[DATA SHOWN — start]

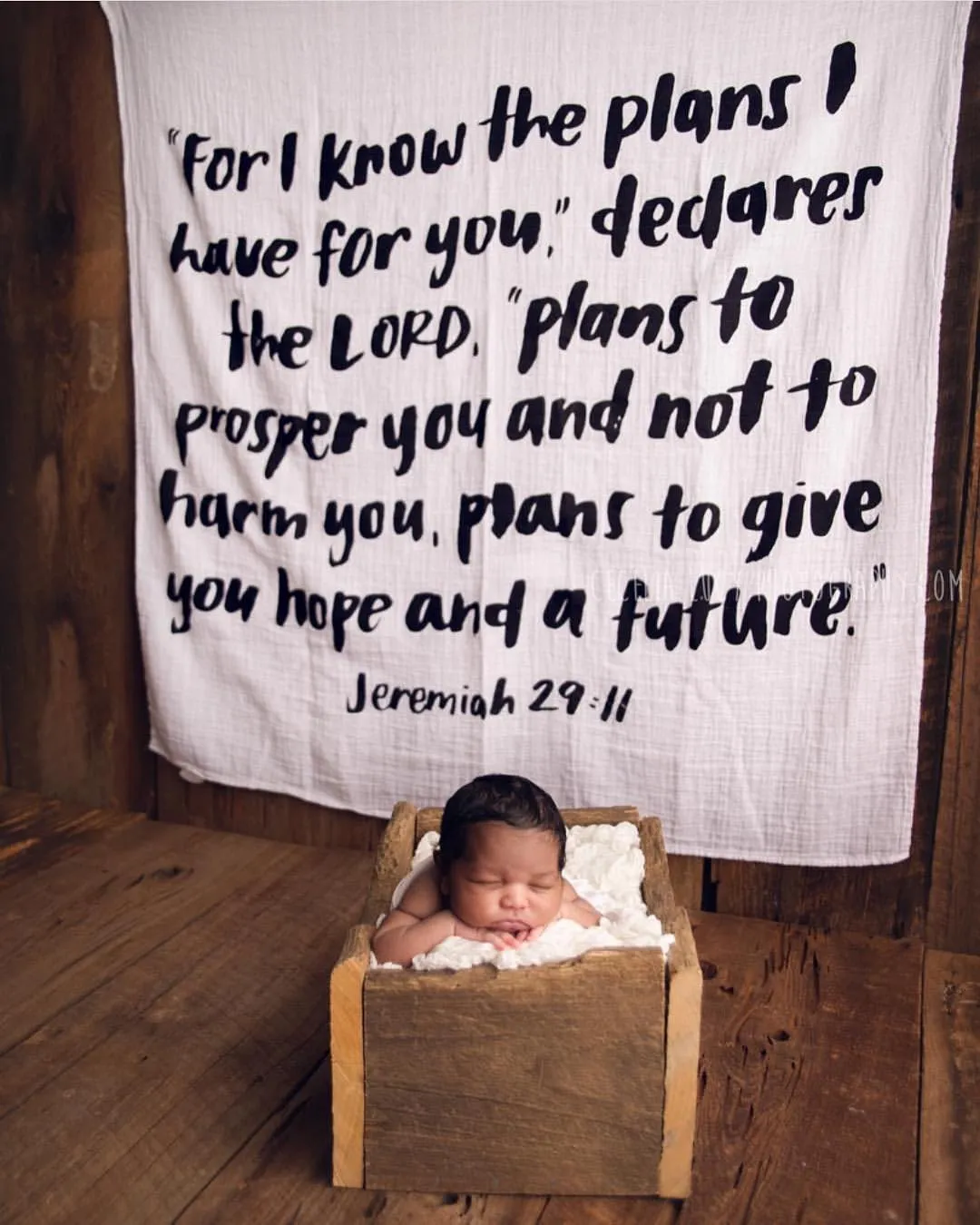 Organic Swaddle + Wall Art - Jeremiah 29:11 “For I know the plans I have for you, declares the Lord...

[DATA SHOWN — finish]
[DATA SHOWN — start]

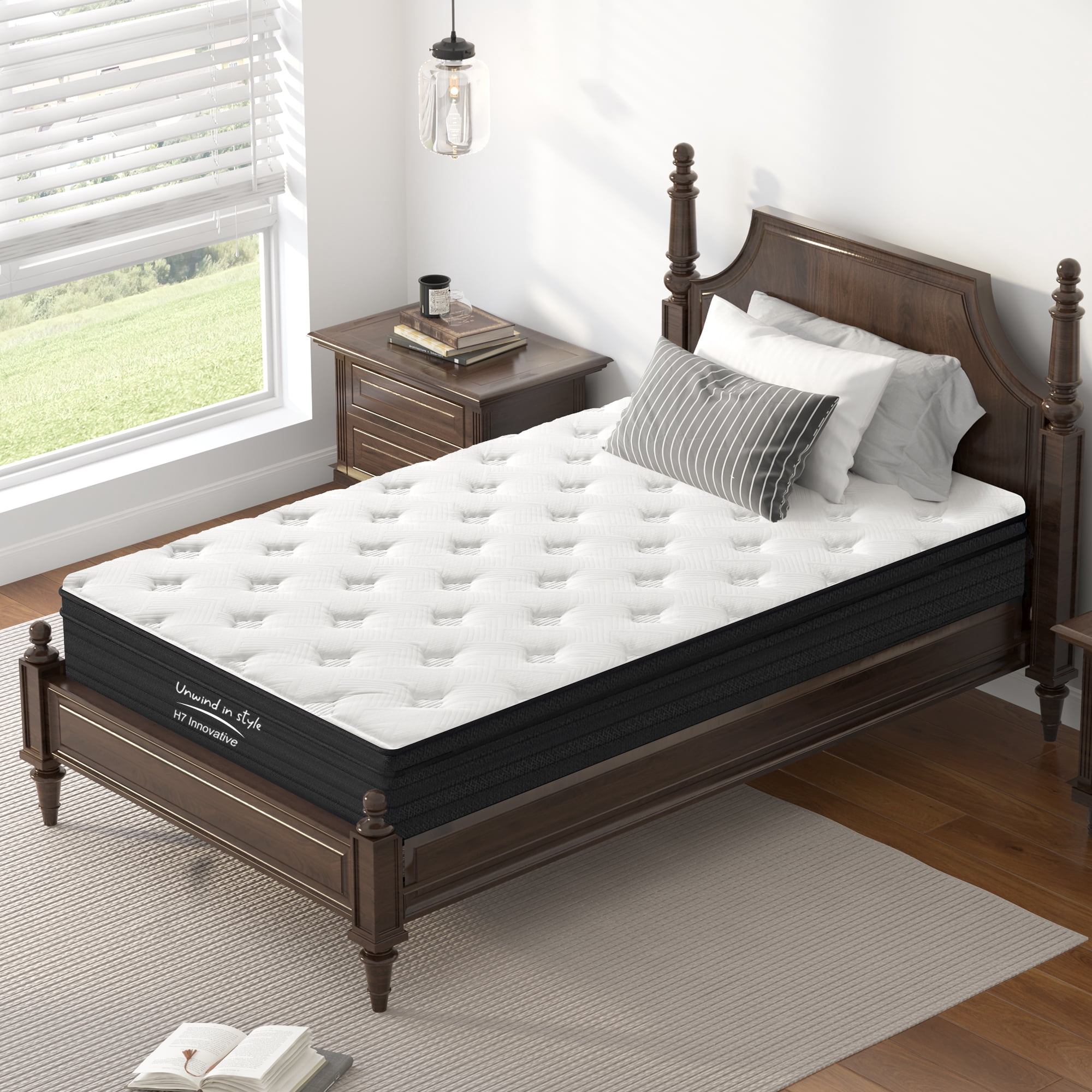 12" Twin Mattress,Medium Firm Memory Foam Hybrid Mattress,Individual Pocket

[DATA SHOWN — finish]
[DATA SHOWN — start]

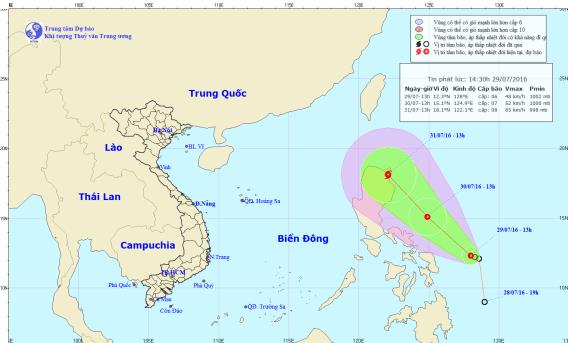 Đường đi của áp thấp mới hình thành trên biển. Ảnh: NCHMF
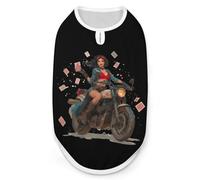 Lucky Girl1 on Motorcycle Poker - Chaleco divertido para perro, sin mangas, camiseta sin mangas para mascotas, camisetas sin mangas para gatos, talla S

[DATA SHOWN — finish]

*DESCRIPTION OF THE TASK:* Line for line, output the entries above from the line with "Đường đi của" to the line with "Lucky Girl1 on", both included, and nothing more. Skip pictures.

*ANSWER TO THIS TASK:*
 Đường đi của áp thấp mới hình thành trên biển. Ảnh: NCHMF
 Lucky Girl1 on Motorcycle Poker - Chaleco divertido para perro, sin mangas, camiseta sin mangas para mascotas, camisetas sin mangas para gatos, talla S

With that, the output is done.